> [REQUIRED WORK] Retype exactly the lines below, starting with the line that contains "2026 Chrysler Voyager LX" and ending with the last line; leave out any pictures.

> [DATA PROVIDED]
___

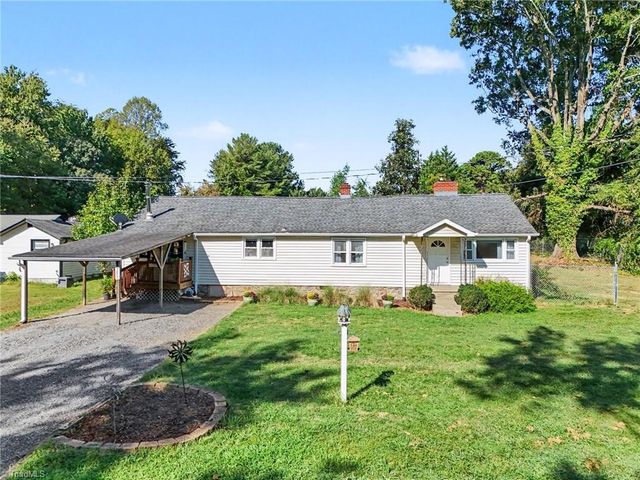 4806 Begonia Road, Pleasant Garden, NC 27313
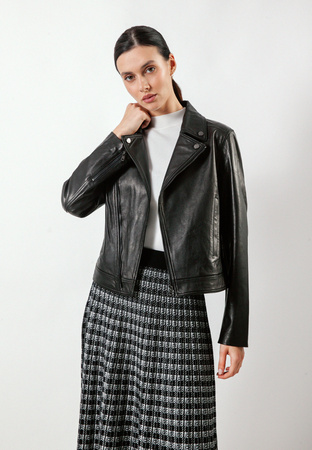 Czarna skórzana ramoneska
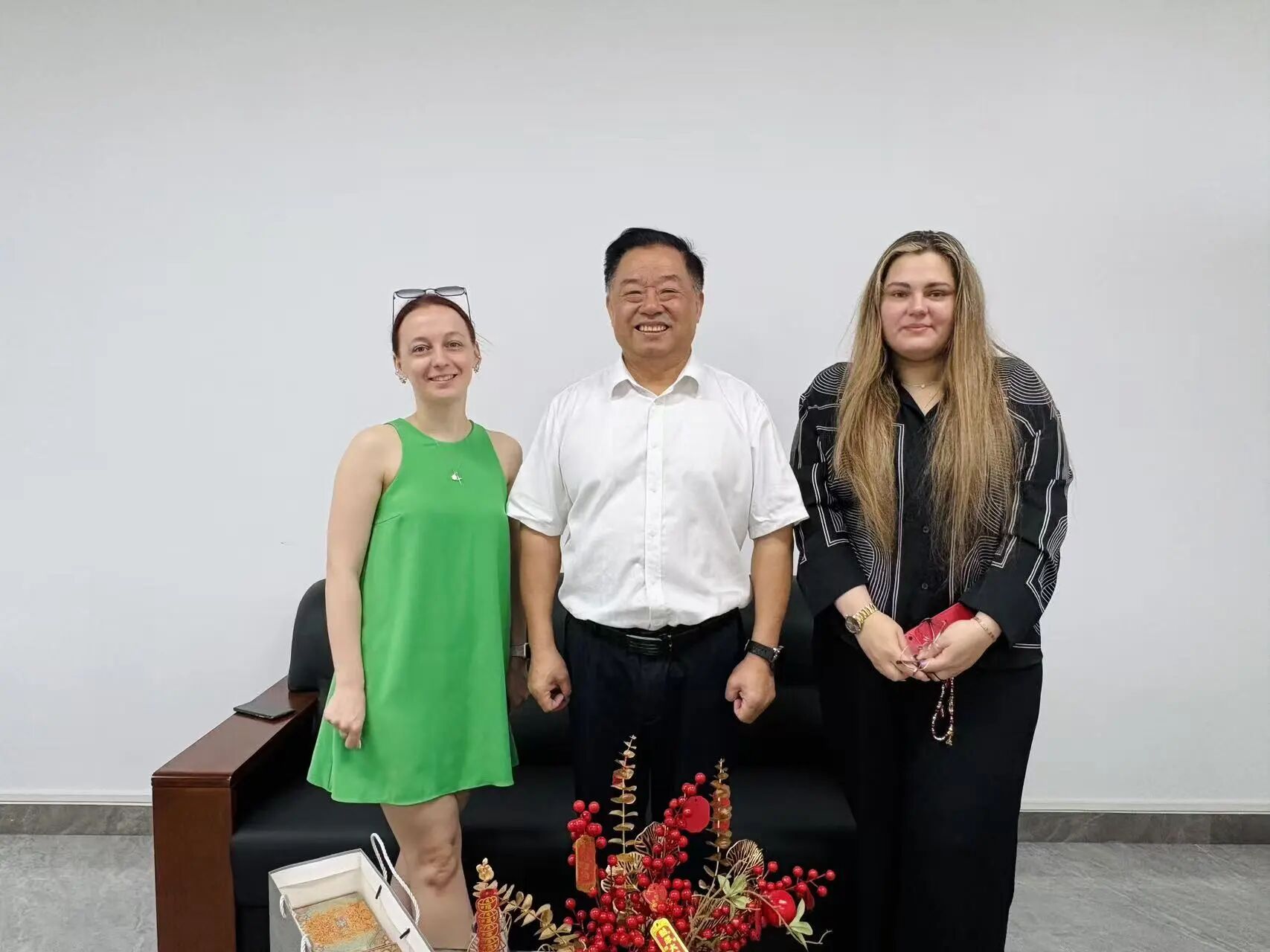 以舞為橋，融通中外｜俄羅斯鄂木斯克國立大學舞蹈專家蒞臨我校開展國際交流活動
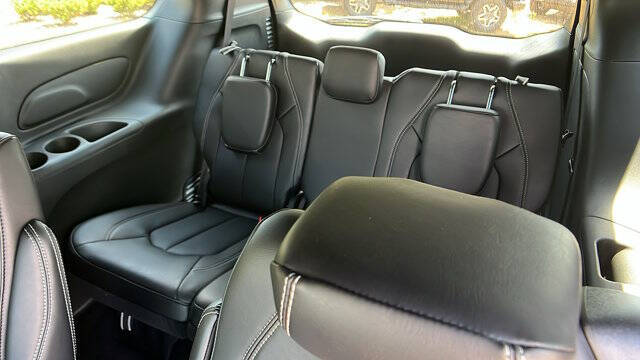 2026 Chrysler Voyager LX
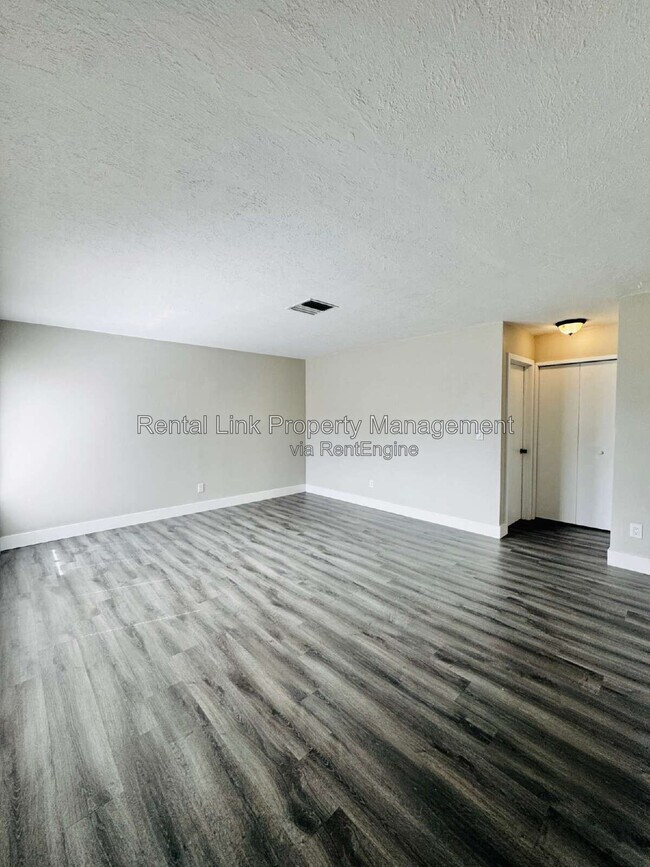 Building Photo - 4107 SE 18th Pl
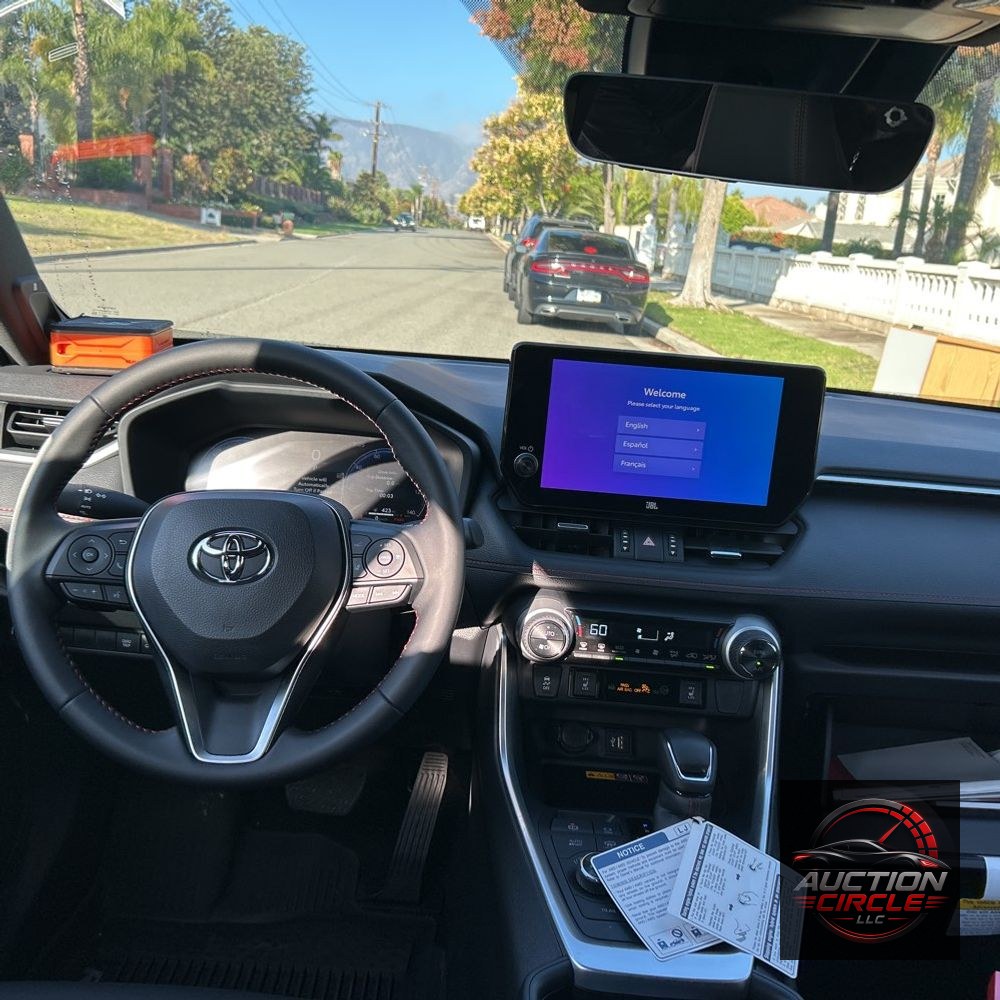 2025 Toyota RAV4 Plug-in Hybrid XSE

___

> [ANSWER TO THE PROBLEM]
 2026 Chrysler Voyager LX
 Building Photo - 4107 SE 18th Pl
 2025 Toyota RAV4 Plug-in Hybrid XSE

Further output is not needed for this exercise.